Nor the dating stuff. Sure, I expected the scene when Alyssa tells her friends, but what sets Adams's performance above everything in this movie is that she effortlessly goes from the anger of the rain scene to the wonderful explanation scene when she answers Holden's "Why me? Why now?" question. Her answer is so sincere and so from the heart. "The way the world is, how seldom it is that you meet that one person who just gets you - it's so rare." Holy cow, this is good. So good.

And then she turns it back up during the hockey scene and its aftermath. Man, I wanted to slap Holden for doing what every single guy in a relationship tries to do: find the history of the new girlfriend and compare. And Alyssa deservedly lets him have it. "I was an experimental girl for Christ's sake! Maybe you knew from early on your track was from point A to B, but unlike you I was not given a f***ing map at birth, so I tried it all! That is until we, you and I, got together and suddenly I was sated!" That may not be as succinct as "You had me at hello" or "I know," but that's one of the best declarations of love I've seen on screen, and it's delivered like a gut punch. Or a kick the nuts.

Jay and Silent Bob Arrive


Nearly eighty minutes into the film, Jay and Silent Bob arrive. Again, as in Mallrats, you can't help but wonder how a cool kid like Holden even knows or hangs around these two. Again, probably because he's best friends with the writer, Jay gets one of the funniest lines in the whole movie: "Bitch pressin' charges? I get that a lot." He delivers the line as if he's in a Naked Gun movie: deadpan, straight, and with obvious history.

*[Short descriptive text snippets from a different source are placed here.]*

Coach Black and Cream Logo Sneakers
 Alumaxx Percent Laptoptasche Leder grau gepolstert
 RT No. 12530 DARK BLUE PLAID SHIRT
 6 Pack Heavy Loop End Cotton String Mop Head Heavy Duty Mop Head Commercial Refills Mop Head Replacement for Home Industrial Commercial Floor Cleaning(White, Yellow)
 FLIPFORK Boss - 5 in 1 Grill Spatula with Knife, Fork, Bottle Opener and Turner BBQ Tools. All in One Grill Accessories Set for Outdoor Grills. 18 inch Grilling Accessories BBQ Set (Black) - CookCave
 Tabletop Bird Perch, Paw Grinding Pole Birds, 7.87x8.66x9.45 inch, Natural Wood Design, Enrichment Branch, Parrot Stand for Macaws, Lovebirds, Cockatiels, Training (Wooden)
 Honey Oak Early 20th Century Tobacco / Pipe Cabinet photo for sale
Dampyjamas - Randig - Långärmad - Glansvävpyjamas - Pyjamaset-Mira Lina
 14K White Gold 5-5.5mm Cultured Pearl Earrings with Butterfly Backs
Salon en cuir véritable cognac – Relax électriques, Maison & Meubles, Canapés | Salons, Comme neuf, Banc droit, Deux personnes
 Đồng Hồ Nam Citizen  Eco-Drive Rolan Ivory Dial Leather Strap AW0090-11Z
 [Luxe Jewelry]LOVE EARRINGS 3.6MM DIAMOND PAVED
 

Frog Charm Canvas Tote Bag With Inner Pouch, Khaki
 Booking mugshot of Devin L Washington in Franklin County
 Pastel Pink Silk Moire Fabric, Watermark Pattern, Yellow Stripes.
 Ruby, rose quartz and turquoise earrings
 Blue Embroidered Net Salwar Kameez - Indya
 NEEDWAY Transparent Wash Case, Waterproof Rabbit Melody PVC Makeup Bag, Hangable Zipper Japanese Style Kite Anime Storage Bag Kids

Over three movies, I've been conditioned to expect Silent Bob to speak. He spoke gold in Clerks. He spoke a joke in Mallrats. Now, in Chasing Amy, I expected gold again. I got it, in the form of a soliloquy on love.

"I wasn't disgusted with her, I was afraid. At that moment, I felt small - like...like I'd lacked experience, like I'd never be on her level, like I'd never be enough for her or something like that, you know what I'm sayin'? But what I did not get - she didn't care. She wasn't looking for that guy anymore. She was...she was looking for me, for - for the Bob. But, uh, by the time I figured this all out, it was too late, you know. She'd moved on, and all I had to show for it was some foolish pride, which then gave way to regret. She was the girl, I know that now. But I pushed her away. So I've spent every day since then chasing Amy...so to speak."

Give Smith credit: he can write some awesome dialogue for his actors to say, but he saves some of the juiciest morsels for himself. Other actors might get more memorable and quotable lines, but the heart of the story rests in the words of Silent Bob.

Holden's Stunningly Stupid Idea


I've been keeping notes as I watch these movies. Yeah, I'm a dork, but I want to capture my thoughts. I wrote "astonishingly dumb!" when I realized what Holden suggests he and Alyssa and Banky do together:  have sex. She knew it, Banky was oddly clueless. Did Holden not hear what Alyssa said (and that I quoted here)? Did he not understand what Silent Bob told him? I mean, come on. If Silent Bob breaks his silence to relay some morsel of knowledge, listen man!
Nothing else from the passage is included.